Game Assets Management (GLM) was an incubation project at DevDiv. The goal of ALM is to extend Visual Studio’s digital asset tools to all roles involved in managing and integrating digital assets into the Application Life-cycle.

Target Audience And Scenarios
There are four roles involved in the process:
- Technical Director: Determine the file types used by the game engine; define and enforce the technical constraints (e.g. poly counts); write scripts to help the artist be more efficient (e.g. render scripts); integrate with 3rd party tools
- Art Director: Keeps the big picture and overall creative feel of the game consistent; approve assets; keep track of where the assets are in the process
- Artist: Want to create art and are not technical; only want to share art of a certain quality; care deeply about the look & feel of tools; stick to tools that they know
- Developer: As long as assets delivered are in the right format and right name, it’s all good
Problems occur because artists do not organize assets like developers organize code. They are sloppy with naming conventions; forget to use version control; make mistakes when manually exporting their work; report done verbally or wait to be reminded to do it by producer; lost art due to re-imaging machine or leaving company.

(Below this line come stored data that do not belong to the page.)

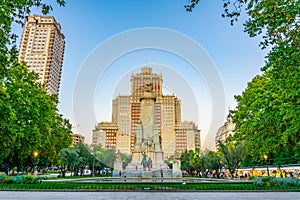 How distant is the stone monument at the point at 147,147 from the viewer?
36594 mm

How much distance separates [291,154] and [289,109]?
21.1 metres

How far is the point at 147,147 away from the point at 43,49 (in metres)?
96.5

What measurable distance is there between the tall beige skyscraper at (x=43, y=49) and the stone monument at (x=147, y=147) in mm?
81038

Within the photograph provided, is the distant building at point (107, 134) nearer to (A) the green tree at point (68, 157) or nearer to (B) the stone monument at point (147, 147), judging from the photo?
(B) the stone monument at point (147, 147)

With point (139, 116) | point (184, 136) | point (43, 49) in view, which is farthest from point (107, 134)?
point (43, 49)

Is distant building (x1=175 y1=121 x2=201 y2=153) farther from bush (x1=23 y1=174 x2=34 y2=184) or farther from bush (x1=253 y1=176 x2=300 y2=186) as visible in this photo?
bush (x1=23 y1=174 x2=34 y2=184)

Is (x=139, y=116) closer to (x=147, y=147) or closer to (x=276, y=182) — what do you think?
(x=147, y=147)

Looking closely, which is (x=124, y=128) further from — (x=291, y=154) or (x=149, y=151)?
(x=291, y=154)

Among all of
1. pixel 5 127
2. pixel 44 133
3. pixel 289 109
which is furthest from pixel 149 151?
pixel 289 109

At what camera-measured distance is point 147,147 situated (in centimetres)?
4178

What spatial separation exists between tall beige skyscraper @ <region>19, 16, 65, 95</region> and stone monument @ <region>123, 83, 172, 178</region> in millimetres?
81038

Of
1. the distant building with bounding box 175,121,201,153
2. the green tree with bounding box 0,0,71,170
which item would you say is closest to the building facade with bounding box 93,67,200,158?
the distant building with bounding box 175,121,201,153

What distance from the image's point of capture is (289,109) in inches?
608

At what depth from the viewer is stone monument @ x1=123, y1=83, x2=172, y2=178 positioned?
36594 mm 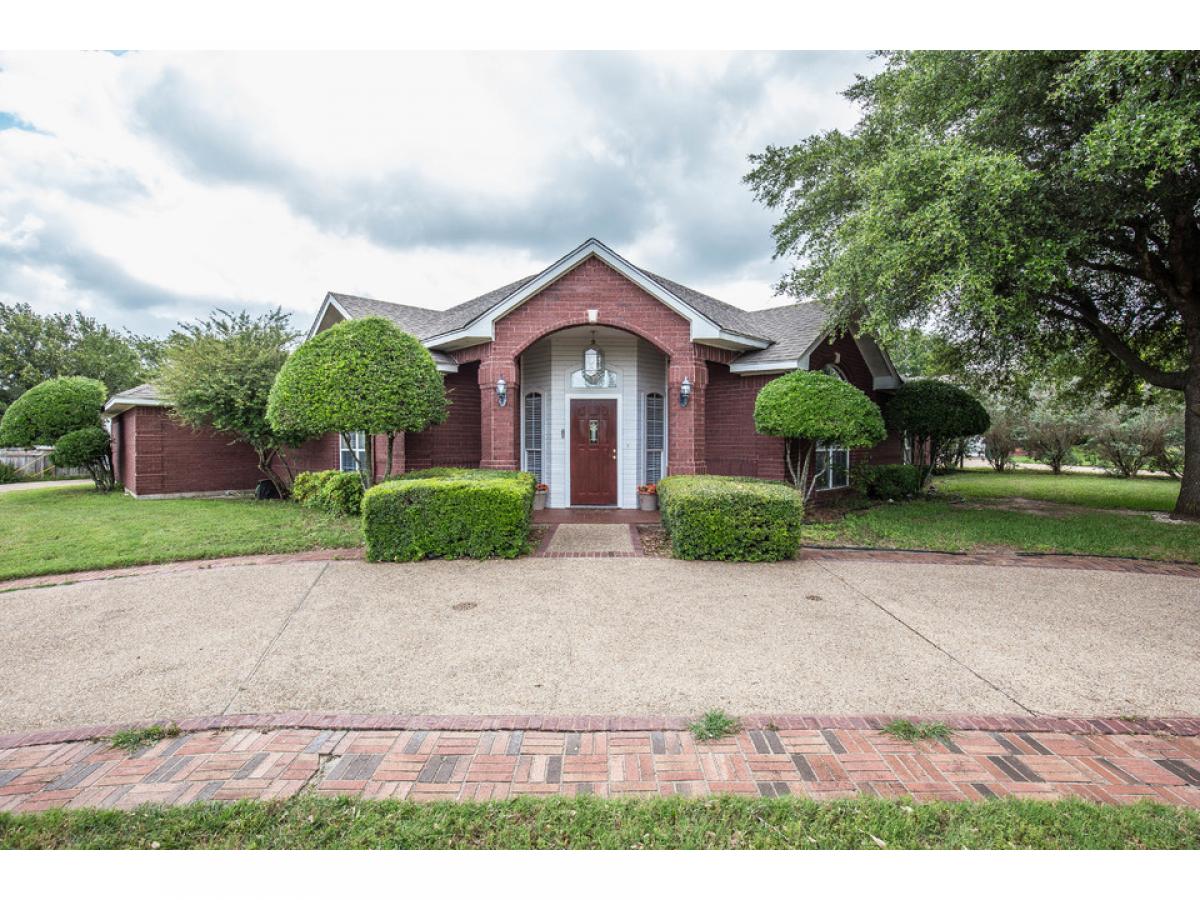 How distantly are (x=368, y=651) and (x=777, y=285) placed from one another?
11.6 m

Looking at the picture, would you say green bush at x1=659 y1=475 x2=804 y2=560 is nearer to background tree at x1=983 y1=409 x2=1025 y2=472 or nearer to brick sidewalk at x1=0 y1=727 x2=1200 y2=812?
brick sidewalk at x1=0 y1=727 x2=1200 y2=812

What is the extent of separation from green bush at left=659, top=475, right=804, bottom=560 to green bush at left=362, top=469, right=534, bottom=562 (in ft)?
7.41

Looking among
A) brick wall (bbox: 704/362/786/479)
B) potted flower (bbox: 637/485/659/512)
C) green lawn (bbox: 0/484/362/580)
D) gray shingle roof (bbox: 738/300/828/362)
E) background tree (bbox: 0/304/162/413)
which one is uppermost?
background tree (bbox: 0/304/162/413)

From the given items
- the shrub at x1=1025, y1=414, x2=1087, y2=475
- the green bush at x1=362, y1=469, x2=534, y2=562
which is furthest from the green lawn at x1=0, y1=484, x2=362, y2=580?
the shrub at x1=1025, y1=414, x2=1087, y2=475

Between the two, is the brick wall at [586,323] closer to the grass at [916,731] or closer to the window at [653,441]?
the window at [653,441]

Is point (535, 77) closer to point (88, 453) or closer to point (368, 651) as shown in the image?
point (368, 651)

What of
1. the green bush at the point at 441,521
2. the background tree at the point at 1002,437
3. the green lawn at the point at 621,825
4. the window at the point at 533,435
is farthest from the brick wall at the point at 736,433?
the background tree at the point at 1002,437

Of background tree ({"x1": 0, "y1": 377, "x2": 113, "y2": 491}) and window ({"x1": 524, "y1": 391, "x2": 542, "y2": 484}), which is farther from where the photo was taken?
background tree ({"x1": 0, "y1": 377, "x2": 113, "y2": 491})

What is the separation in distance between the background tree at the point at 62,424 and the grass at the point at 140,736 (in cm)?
1691

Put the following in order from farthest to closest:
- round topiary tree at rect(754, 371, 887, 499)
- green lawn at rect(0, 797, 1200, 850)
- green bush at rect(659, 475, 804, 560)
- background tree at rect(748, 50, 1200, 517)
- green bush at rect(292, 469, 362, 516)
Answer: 1. green bush at rect(292, 469, 362, 516)
2. round topiary tree at rect(754, 371, 887, 499)
3. green bush at rect(659, 475, 804, 560)
4. background tree at rect(748, 50, 1200, 517)
5. green lawn at rect(0, 797, 1200, 850)

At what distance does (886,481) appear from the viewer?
12.4 metres

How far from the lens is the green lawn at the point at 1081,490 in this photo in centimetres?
1220

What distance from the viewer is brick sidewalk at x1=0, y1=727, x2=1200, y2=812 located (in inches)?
90.8

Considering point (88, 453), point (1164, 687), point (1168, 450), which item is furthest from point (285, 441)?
point (1168, 450) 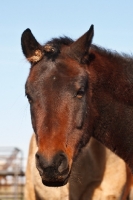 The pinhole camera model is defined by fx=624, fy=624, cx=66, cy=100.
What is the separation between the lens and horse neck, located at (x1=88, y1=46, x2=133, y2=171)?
710 centimetres

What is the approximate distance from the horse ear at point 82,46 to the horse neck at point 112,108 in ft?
0.69

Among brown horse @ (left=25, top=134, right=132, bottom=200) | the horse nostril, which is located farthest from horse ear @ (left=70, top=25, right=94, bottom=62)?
brown horse @ (left=25, top=134, right=132, bottom=200)

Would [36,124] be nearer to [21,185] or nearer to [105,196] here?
[105,196]

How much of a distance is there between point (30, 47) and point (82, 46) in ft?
2.01

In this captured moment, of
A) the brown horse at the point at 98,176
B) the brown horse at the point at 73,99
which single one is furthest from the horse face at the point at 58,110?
the brown horse at the point at 98,176

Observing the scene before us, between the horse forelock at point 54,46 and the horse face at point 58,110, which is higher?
the horse forelock at point 54,46

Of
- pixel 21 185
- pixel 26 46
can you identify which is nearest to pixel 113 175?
pixel 26 46

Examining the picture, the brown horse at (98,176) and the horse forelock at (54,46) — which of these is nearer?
the horse forelock at (54,46)

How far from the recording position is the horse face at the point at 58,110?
20.4ft

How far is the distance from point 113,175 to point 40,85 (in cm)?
283

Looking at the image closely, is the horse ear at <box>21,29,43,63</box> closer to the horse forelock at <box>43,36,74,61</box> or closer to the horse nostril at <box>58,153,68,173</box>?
the horse forelock at <box>43,36,74,61</box>

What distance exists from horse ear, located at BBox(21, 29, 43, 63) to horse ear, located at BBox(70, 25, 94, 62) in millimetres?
383

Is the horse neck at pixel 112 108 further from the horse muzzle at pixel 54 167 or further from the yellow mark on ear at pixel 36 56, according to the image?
the horse muzzle at pixel 54 167

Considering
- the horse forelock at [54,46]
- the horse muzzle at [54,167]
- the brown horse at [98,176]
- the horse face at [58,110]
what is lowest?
the brown horse at [98,176] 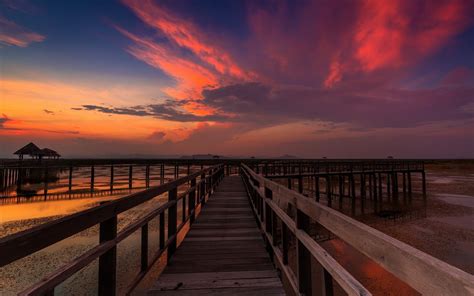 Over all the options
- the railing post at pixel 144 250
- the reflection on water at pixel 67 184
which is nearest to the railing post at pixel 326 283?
the railing post at pixel 144 250

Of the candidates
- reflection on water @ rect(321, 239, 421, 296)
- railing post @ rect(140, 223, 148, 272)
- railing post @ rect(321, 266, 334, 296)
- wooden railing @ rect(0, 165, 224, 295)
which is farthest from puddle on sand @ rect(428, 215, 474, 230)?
wooden railing @ rect(0, 165, 224, 295)

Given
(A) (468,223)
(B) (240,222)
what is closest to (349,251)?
(B) (240,222)

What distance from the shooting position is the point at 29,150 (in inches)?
1799

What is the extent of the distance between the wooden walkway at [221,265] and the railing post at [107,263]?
3.81ft

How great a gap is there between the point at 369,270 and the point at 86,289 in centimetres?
779

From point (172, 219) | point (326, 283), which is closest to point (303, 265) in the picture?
point (326, 283)

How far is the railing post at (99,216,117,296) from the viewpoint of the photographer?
1.98m

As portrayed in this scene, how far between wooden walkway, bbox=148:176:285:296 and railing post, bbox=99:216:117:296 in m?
1.16

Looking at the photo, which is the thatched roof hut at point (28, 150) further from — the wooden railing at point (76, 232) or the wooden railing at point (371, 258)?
the wooden railing at point (371, 258)

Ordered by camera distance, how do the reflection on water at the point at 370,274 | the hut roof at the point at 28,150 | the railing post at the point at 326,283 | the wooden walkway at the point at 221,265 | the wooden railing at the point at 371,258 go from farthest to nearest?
the hut roof at the point at 28,150 → the reflection on water at the point at 370,274 → the wooden walkway at the point at 221,265 → the railing post at the point at 326,283 → the wooden railing at the point at 371,258

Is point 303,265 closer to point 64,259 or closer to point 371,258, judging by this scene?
point 371,258

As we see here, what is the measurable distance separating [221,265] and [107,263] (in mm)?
2185

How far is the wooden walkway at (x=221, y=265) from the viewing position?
10.1 feet

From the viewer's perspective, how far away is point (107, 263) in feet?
6.56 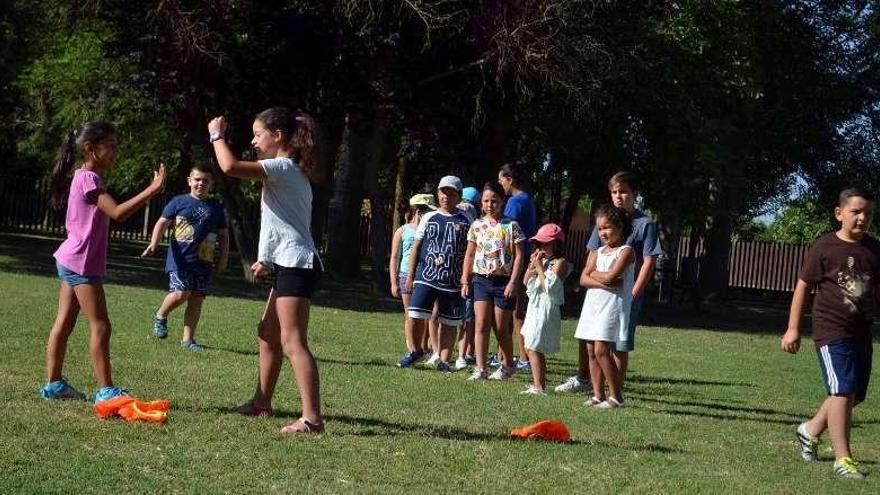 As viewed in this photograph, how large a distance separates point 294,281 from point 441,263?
16.2 feet

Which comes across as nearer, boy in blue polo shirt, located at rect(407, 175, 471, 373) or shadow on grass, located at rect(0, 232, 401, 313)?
boy in blue polo shirt, located at rect(407, 175, 471, 373)

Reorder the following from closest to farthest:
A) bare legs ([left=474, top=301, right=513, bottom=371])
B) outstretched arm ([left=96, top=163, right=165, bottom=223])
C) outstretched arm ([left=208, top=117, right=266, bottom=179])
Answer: outstretched arm ([left=208, top=117, right=266, bottom=179]), outstretched arm ([left=96, top=163, right=165, bottom=223]), bare legs ([left=474, top=301, right=513, bottom=371])

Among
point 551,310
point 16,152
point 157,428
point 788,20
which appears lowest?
point 157,428

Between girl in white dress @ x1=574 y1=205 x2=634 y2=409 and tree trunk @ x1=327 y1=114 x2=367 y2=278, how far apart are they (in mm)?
19938

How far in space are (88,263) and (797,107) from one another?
28179 millimetres

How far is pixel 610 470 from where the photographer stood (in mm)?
7555

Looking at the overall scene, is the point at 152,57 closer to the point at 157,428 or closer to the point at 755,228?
the point at 157,428

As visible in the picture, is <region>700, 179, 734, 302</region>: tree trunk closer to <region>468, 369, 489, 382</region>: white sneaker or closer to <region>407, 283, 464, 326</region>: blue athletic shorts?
<region>407, 283, 464, 326</region>: blue athletic shorts

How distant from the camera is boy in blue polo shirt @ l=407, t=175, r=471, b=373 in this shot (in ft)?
42.2

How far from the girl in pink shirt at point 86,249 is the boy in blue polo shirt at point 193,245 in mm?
4469

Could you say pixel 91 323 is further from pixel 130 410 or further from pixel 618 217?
pixel 618 217

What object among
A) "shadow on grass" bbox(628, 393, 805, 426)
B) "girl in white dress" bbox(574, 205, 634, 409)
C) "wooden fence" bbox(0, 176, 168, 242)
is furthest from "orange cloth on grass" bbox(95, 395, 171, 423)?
"wooden fence" bbox(0, 176, 168, 242)

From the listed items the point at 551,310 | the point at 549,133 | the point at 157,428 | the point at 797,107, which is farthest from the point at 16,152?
the point at 157,428

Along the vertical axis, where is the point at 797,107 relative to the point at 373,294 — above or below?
above
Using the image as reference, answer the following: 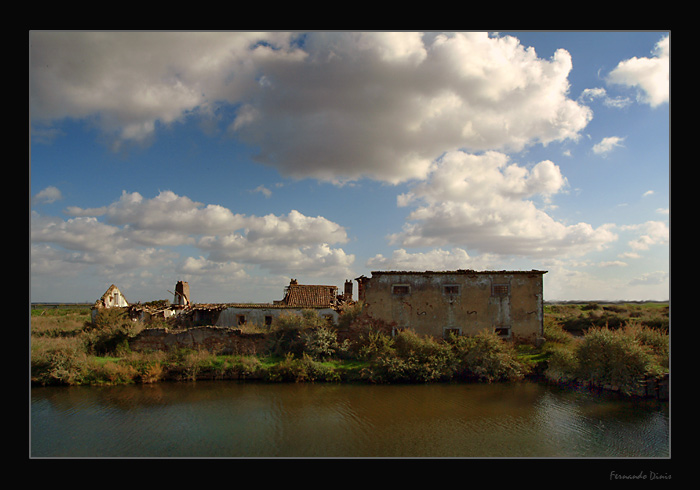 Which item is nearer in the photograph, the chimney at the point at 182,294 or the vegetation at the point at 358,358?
the vegetation at the point at 358,358

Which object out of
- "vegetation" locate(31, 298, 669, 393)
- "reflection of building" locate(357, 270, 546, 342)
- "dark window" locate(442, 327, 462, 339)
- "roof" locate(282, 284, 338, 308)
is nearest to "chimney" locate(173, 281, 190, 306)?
"roof" locate(282, 284, 338, 308)

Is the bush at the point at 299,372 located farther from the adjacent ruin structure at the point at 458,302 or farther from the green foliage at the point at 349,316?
the adjacent ruin structure at the point at 458,302

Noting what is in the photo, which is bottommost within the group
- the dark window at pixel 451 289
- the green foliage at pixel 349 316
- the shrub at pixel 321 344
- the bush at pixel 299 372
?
the bush at pixel 299 372

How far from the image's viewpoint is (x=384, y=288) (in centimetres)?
2169

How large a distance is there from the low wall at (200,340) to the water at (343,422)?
3794 mm

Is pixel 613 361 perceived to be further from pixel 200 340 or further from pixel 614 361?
pixel 200 340

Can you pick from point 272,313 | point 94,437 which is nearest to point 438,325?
point 272,313

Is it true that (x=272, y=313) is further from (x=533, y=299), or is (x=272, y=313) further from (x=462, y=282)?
(x=533, y=299)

The scenarios I worked to streamline covered asset organization; task creation, scheduling and assignment; asset creation and approval; and solving bugs.

The Process
GLM was a research-heave project. From early planning phase, we regularly validated our ideas with artists, developers and project leaders who work with art assets at game shops. All the final features had been repeatedly confirmed by participants to be highly desirable.
The GLM system placed the burden of reinforcing naming convention, format and other technical requirements on the system instead of the artists. To ensure that the rules and pipelines are properly programmed and provided to the artist, I prototyped a collection of tools. For example, a image diffing tool and a visual regular expression editor for the art director to define naming conventions:

A proof-of-concept prototype was built by the engineering team. I wrote part of the UI with them. It was one of my best memories from DevDiv: developers and I sit back to back. We implemented something, felt it, had doubts, turned around and raised questions, fixed designs on the spot. It was a rare luxury.